TASK BRIEF: Print this span of the material below exactly: the line with "linerapitts Live Webcam Profiel", the line with "2C3CDZFJXKH509344 Dodge Challenger", and every line between them, but nothing else.
************
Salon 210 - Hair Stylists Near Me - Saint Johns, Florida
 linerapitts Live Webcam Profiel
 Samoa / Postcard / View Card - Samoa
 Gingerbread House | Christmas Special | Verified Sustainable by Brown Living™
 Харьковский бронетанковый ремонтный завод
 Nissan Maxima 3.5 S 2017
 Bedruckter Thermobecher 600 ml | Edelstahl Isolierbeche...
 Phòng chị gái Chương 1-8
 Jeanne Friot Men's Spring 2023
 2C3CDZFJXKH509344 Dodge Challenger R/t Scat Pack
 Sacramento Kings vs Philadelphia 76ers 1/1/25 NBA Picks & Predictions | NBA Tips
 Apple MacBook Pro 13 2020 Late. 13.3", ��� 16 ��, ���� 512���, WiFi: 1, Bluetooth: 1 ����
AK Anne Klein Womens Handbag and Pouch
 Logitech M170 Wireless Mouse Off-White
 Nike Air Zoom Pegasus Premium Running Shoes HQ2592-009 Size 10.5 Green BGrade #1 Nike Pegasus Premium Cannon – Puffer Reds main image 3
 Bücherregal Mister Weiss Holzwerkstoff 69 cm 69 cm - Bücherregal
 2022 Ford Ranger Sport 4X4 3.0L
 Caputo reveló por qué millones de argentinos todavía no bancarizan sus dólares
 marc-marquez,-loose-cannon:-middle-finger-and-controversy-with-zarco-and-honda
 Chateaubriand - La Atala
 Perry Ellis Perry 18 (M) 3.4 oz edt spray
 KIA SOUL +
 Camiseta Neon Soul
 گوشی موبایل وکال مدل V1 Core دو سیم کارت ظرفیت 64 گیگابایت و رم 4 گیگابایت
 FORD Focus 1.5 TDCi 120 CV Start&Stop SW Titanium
************
YOUR RESPONSE:
 linerapitts Live Webcam Profiel
 Samoa / Postcard / View Card - Samoa
 Gingerbread House | Christmas Special | Verified Sustainable by Brown Living™
 Харьковский бронетанковый ремонтный завод
 Nissan Maxima 3.5 S 2017
 Bedruckter Thermobecher 600 ml | Edelstahl Isolierbeche...
 Phòng chị gái Chương 1-8
 Jeanne Friot Men's Spring 2023
 2C3CDZFJXKH509344 Dodge Challenger R/t Scat Pack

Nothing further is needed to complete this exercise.